At the doorstep of Ma Taffy’s home, the police arrived! The police were called by Mrs. G who was informed about what happened by the school’s cleaning lady. They asked Gina to stop, but she didn’t hear them. Her mind was somewhere else. She was thinking about her son; he only had her! So the police threatened her but she didn’t respond. So they shot her, murdering Gina in front of her son and Ma Taffy!


On the other side of the story, Mrs. G went to the school. But because the roads were blocked by Jamaicans after Gina’s murder, she had to leave her car and go on foot. On her way to the school, she passed by Ma Taffy’s home. She paid her condolences without knowing that the dead woman was Miss G! Jamaicans also joined Ma Taffy in mourning her great niece, and lit candles. Suddenly, Ma Taffy started singing at which Gina’s body, which was wrapped in white, started to float. Then the mourners joined in the singing, causing the body to go upward until disappearing in the sky. In relation to Mr. Saint-Josephs, he ended up to be an outcast beggar!


This haunting tale beautifully portrayed the exotic nature of this Caribbean island and Augustown before its British invasion. Jamaica was filled with Guava trees and its skies were colored by the Parakeets. The author also described the beauty of its blue mountain range, the forest, the iguanas and Mona mineral river.


Yet during the British rule, Jamaicans started to adopt Foreign/European names such as Robert instead of attaching to their culture and Jamaican (Rasta) names like Kaia. Moreover, Kei Miller illustrated the importance of Nazirite vows to Rastafarians, who had to believe in something! This belief had to be fought by the White citizens, considering dreadlocks a symbol of street illiterate savages. So occupiers wanted to wipe the Jamaican culture by intimidating Jamaicans! For instance, the police or gangs insulted, hit, attacked, or falsely accused and imprisoned colored citizens, and/or cut their dreadlocks. Eventually, this resulted in breaking the spirit of the Jamaican, causing him to hang himself on a tree branch! These actions were practiced by the Brits in every land and nation that they occupied, which is why their kingdom used to be called “the empire on which the sun never sets”.


Finally, the writer shed light on Marcus Garvey (a Jamaican political activist who fought for Blacks rights) and his books esp. The Promised Key, which is considered the first book about Rastafaris. This book also mentioned the march of the1st of August in 1838 after Queen Victoria signed the Emancipation Declaration of slaves! But Jamaica became independent from the 3 centuries British rule in 1962.


My favorite quotes are:


Kaia asking Ma Taffy “What gunfighting ever do to solve anything?”


Ma Taffy thoughts “The distant past comes back to us, usually, as a shock”.

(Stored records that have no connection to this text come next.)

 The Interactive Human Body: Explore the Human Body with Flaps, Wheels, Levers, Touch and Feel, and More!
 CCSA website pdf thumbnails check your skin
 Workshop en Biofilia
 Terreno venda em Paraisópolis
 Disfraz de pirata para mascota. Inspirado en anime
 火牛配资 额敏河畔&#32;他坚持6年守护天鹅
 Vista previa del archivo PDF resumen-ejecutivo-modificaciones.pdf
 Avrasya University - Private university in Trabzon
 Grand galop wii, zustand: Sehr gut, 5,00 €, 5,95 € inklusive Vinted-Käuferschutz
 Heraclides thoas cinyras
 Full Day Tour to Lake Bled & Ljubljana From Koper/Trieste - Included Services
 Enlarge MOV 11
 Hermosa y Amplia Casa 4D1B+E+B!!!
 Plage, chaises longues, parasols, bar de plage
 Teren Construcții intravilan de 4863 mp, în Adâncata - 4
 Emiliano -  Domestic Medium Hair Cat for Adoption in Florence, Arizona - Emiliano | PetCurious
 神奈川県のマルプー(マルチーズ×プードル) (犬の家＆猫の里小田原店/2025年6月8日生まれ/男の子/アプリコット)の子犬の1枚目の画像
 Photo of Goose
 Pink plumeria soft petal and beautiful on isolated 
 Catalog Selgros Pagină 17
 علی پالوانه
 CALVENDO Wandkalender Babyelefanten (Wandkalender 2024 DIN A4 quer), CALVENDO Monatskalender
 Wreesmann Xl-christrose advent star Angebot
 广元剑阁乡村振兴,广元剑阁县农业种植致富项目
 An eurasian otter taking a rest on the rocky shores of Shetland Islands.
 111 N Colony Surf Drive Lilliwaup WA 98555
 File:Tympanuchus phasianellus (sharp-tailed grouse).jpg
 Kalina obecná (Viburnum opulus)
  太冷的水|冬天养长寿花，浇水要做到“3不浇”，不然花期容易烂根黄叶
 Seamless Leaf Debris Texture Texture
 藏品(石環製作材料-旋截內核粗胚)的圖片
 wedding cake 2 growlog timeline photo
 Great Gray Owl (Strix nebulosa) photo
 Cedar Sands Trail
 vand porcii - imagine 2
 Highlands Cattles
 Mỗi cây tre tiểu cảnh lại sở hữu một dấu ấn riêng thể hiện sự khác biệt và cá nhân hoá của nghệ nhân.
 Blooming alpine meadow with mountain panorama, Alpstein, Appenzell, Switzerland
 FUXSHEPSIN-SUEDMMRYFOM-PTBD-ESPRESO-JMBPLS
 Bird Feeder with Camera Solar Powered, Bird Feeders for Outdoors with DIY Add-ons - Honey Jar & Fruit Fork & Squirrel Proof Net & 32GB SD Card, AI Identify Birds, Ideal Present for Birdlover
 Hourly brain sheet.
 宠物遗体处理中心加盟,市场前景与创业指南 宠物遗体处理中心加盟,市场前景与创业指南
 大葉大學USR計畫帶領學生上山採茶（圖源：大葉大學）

Soft-Paw (a member of a patriotic gang that fight Babylon and defend Jamaica) to Ma Taffy “Better you dead strong, like a warrior, than you live you whole life bend-over and taking pure kick up from Babylon.”


The narrator describing the belief of the teacher (Mr. Saint-Josephs) about using modern luxuries such as a bathtub and running hot water “comfort will in turn lead to the weakening of his moral fortitude”.


The preacher Bedward said to worshipers “heavy stone resting on your heart”.


Ma Taffy thoughts “about how each person has a soul—and how these too are fruits that ripen every day, drawing ever closer to their harvest”.


Gina talking to Matthew “Sorry wouldn’t change anything”.


Gina thoughts “the guilt of being small in this world and unable to stop terrible things from happening.”